The Charity Commission has taken £15,000 from an organisation that was posing as a registered charity by using another organisation’s charity number after a statutory inquiry found it was failing to monitor funds sent to Syria.
In a report released on Friday, the commission said the money, taken from the Global Welfare Project, which was appealing for public donations to help people in poorer countries, particularly Syria, had been redirected to a registered charity.
The commission said it was contacted by West Yorkshire Police in 2014 about the organisation. It had had confirmed to the police that it was not a registered charity and that the commission had not received an application to register the organisation as a charity.

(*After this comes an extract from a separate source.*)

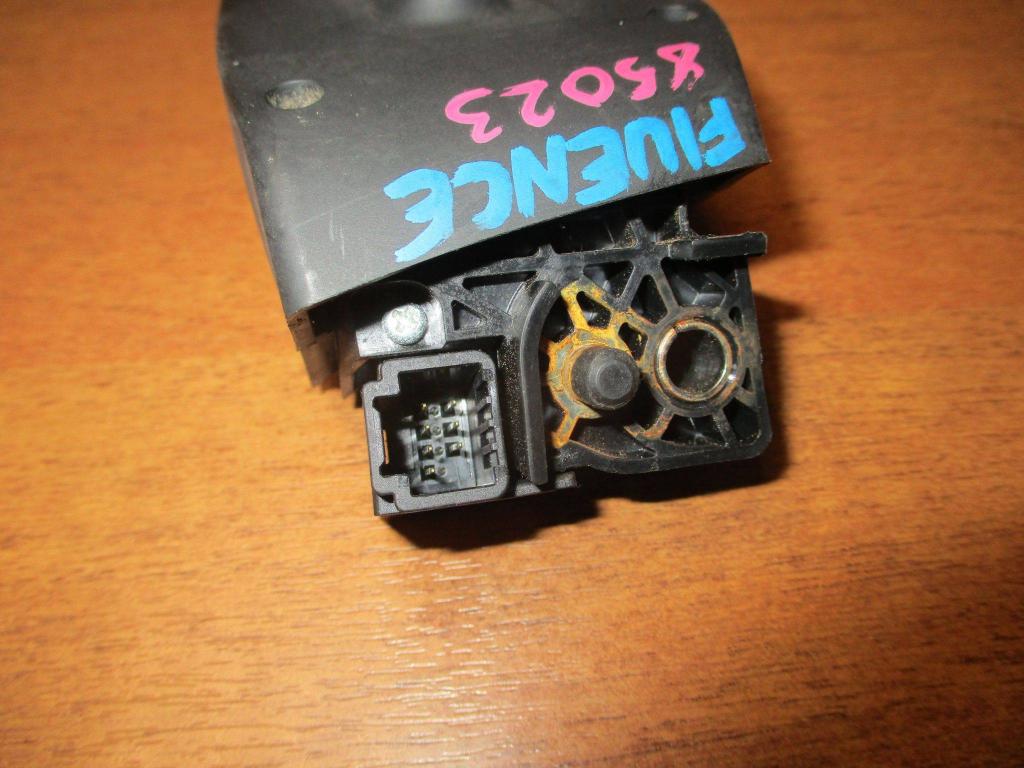 Переключатель подрулевой управления магнитолой, 700 рублей, Пермь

But the organisation’s website claimed it had charity status, the commission’s report said, and was displaying a registered charity number for a separate charity that was registered with the commission.
It was decided that the money raised by the organisation was for charitable purposes, the regulator said, and on 19 May 2014 it opened a statutory inquiry.
Two days later, five people connected to the organisation, including the trustees, were arrested and the organisation’s bank account was frozen. An application to register the organisation as a charity was also made.
Once the police investigation was completed in 2016 – with no charges brought – the commission resumed its inquiry. It focused on the organisation pretending to be a charity, and the possibility for public trust in charities to be damaged and charitable funds abused and/or misapplied.
The commission concluded that the organisation was misleading the public by allowing them to believe they were supporting a registered charity. The trustees said displaying the number that was on the website was done in error, according to the report.
There was also limited information on how the trustees would spend the funds donated to it, the commission said, and the trustees failed to verify how the charitable funds spent were then used, despite operating in war-torn countries such as Syria.
The commission therefore decided that there had been misconduct and/or mismanagement in the administration of charitable funds due to using another charity’s registration number and failing to maintain accurate records.
The website of the organisation had now been closed at the commission’s request, the regulator said, with the trustees having spent £17,900 of the £33,400 originally raised.
The remaining £15,500 was distributed to another charity operating in Syria, according to the commission.